We are interested in studying gene expressions in living animals, by means of different in-vivo and in-vitro imaging techniques. We also plan to execute tests on living organisms by using Affymetrix or Navigenics or equivalent DNA microarray test chips, but we know that interpretation of such tests are closely related to the ability to execute reliable and effective reannotation vs. existing validated databases of identified genes. We know that services provided by Affymetrix often provide little informative annotation for most known genes (identified as "transcribed locus"), and we would like to know if anyone in the world can provide an effective reannotation service using our DNA microarray test files, i.e. by executing rigorous tests of our Affymetrix chip probeset sequences against all currently available transcript sequences in latest database releases.

This is a question about gene annotation. I think it's really about how to attach a small bit of truly useful information to many genes in a list. The specific question seems to concern Affymetrix data files in particular.

A list of standard sources for information about human genes follows (in most cases I provide a sample link to the page for CFTR). Entries in these databases are extensively linked to each other.

OMIM, Online Mendelian Inheritance in Man. (CFTR)
Entrez Gene, NCBI's searchable database of genes from RefSeq genomes. (CFTR)
GeneCards, a searchable, integrated database of human genes.(CFTR)
HGNC, HUGO gene nomenclature committee, (CFTR)
Ensembl, genome databases for vertebrates and other eukaryotic species. (CFTR)
Ensembl's BioMart tool may be one answer to this question).
GeneWiki, Wikipedia's gene pages. (CFTR; HBB)

How quickly does inbreeding produce homozygosity?

What is the probability that locus is homozygous due to inbreeding after a given number of generations? The answer should be an equation expressing this probability as a function of the number of generations.

This question was inspired by a recent review of mouse genetics (Peters et al. 2007. "The mouse as a model for human biology: a resource guide for complex trait analysis" Nature Reviews Genetics 8, 58-69. doi:10.1038/nrg2025), which states, without qualification, that "Inbred mouse strains are derived from a single parental mating pair with subsequent repeated brother–sister intercrosses and no breeding from non-sibling mice.

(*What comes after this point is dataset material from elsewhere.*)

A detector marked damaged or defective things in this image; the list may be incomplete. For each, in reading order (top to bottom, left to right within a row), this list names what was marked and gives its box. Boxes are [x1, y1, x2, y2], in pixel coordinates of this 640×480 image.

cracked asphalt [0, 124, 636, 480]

After 20 generations of inbreeding, the mice are genetically identical and homozygous at all loci." 20 generations is an accepted benchmark that leaves a very low probability of homozygosity, but that probability is not zero. What is it?

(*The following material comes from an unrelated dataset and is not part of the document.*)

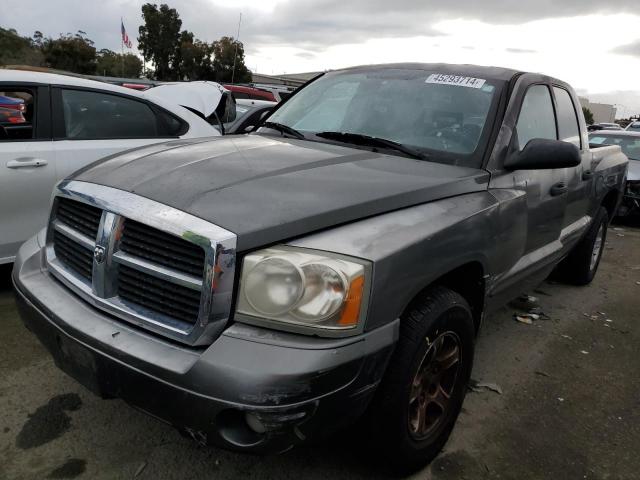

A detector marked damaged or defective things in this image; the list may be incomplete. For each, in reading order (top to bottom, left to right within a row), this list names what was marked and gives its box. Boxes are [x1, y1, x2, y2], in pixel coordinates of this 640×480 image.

rusty alloy wheel [408, 332, 462, 440]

This is really three questions (or more).

1) Selfing organisms like Arabidopsis thaliana or Caenorhabditis elegans present a simple case. Here, the probability that a given locus remains heterozygous is simply (1/2)ⁿ, where n is the number of generations.

2) The mouse, which represents all diploid species where crosses between full siblings is possible. Brothers and sisters that share the same two parents. I suspect the equation for this case has been worked out. What is the answer?

3) Species where females store sperm. In this case one can isolate a female each generation. She will have mated with her (possibly half-) brothers prior to isolation. Here the probability of homozygosity is a function not only of the number of generations, but also the probability of the female having mated with a full brother vs. a half-brother.